I’m not saying I have the calm part completely down; I was certainly pacing back and forth, and – not quite wringing my hands, but touching everything, the ivs, the bags of blood, checking for pulses repetitively. But I didn’t change orders and contradict myself, or give orders too often to be meaningful, and my voice wasn’t squeaking.
In the end we stopped. Despite occasional fleeting spontaneous pulses, we weren’t getting anywhere very encouraging with CPR, and it was clear that the patient was never going to be stable enough to move to the OR, let alone even start an operation on, which made further efforts futile.
The only thing I really still want to fix is, my voice keeps breaking when I talk to family members. It’s bad enough getting a midnight phone call to say your loved one is dead or dying, you would think the doctor should at least be able to speak coherently and audibly. It doesn’t really do much good for me to call people to give them bad news, and then have my voice be too shaky to communicate anything except that something bad is going on, leaving them to imagine for themselves what that must be. . . I know, sympathy and emotion from the doctor are good. . . but when you don’t know each other from Adam, probably simple transfer of information would be more valuable.
I especially hate calling 80-something wives – widows – who you know are home alone in the middle of the night.
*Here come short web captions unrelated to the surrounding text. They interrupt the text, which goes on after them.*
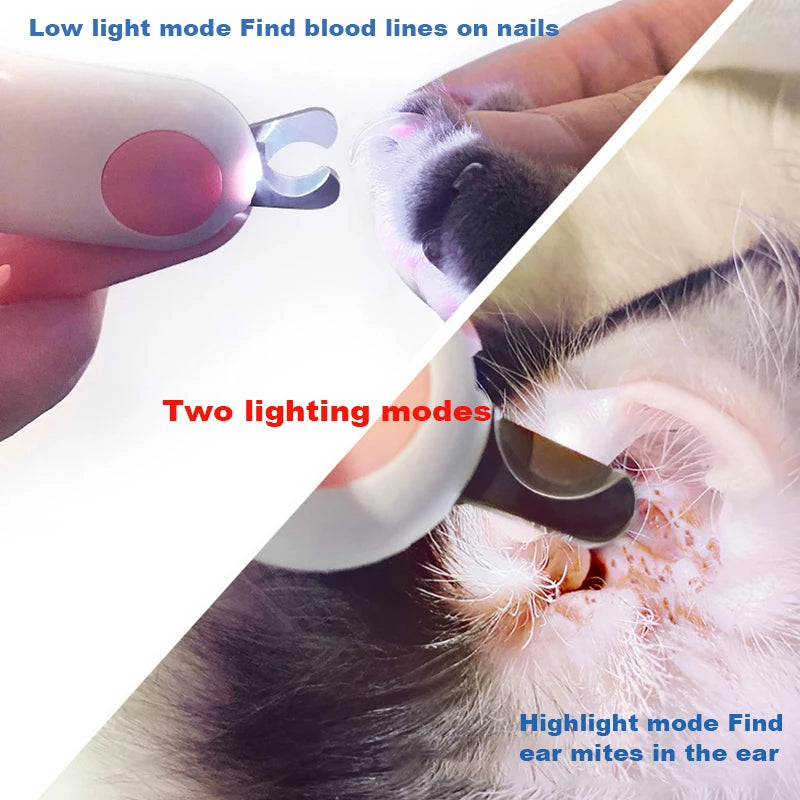 Shine & Snip Nail Clippers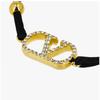 Valentino GaraVani V Logo Cotton Bracelet J0x85 rlV Edm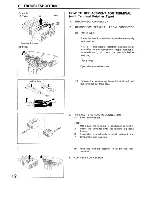 Предварительный просмотр 13 страницы Toyota 1991 MR2 Wiring Diagram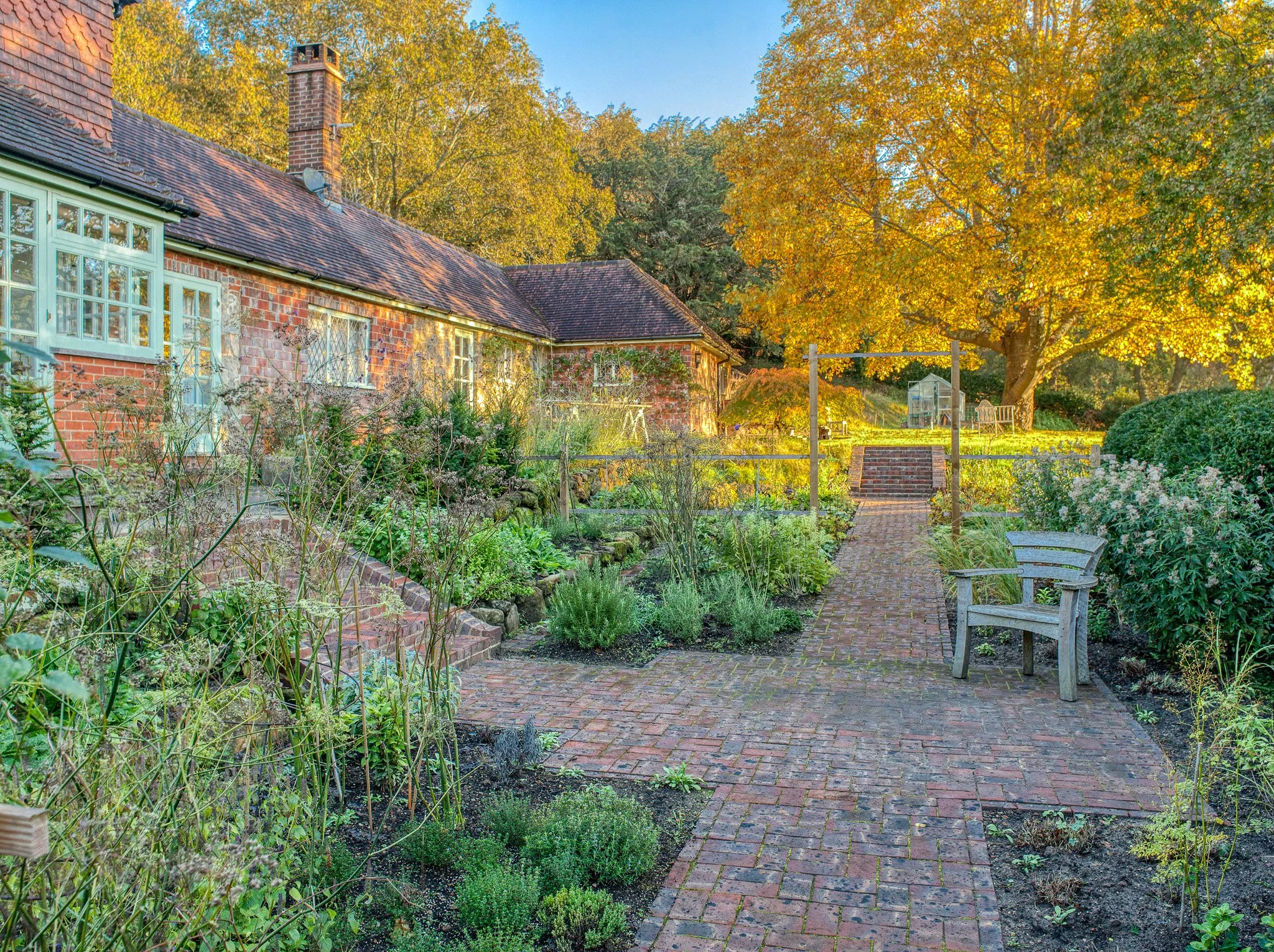 Greenhouses & Kitchen Gardens — Valley Projects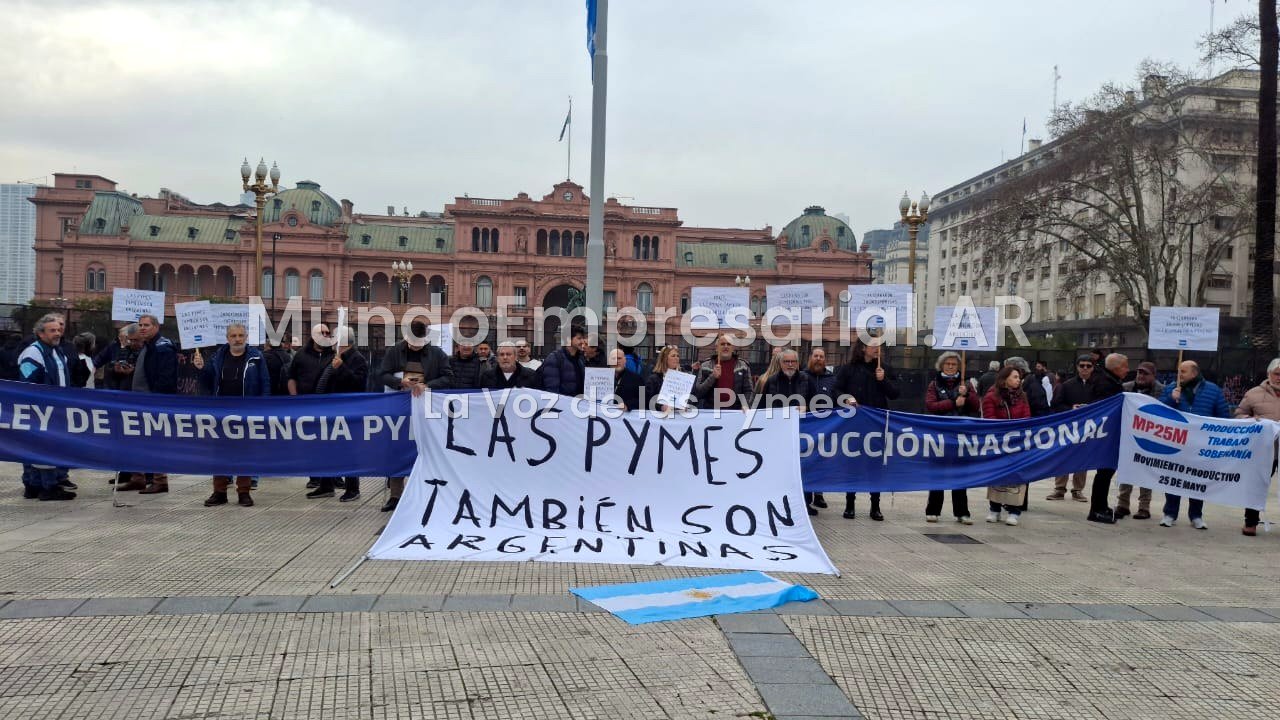 las pymes tambien son argentinas casa rosada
They’re half deaf, and sleepy, and don’t want to hear that their husband is dead. . . and when they do hear you, you can hear them just about collapsing. . . but so often the wife is the only phone number listed, and if you want to reach the adult children you have to go through her. . . . and you can’t just not tell people, and hope the morning will make it better. . . I have no idea how, but the ER social worker does miracles. She discovered the pastor and sent him over to keep her company. Now that was probably the most useful action of the night (and another profession to add to my list of people besides doctors who don’t get to sleep at night).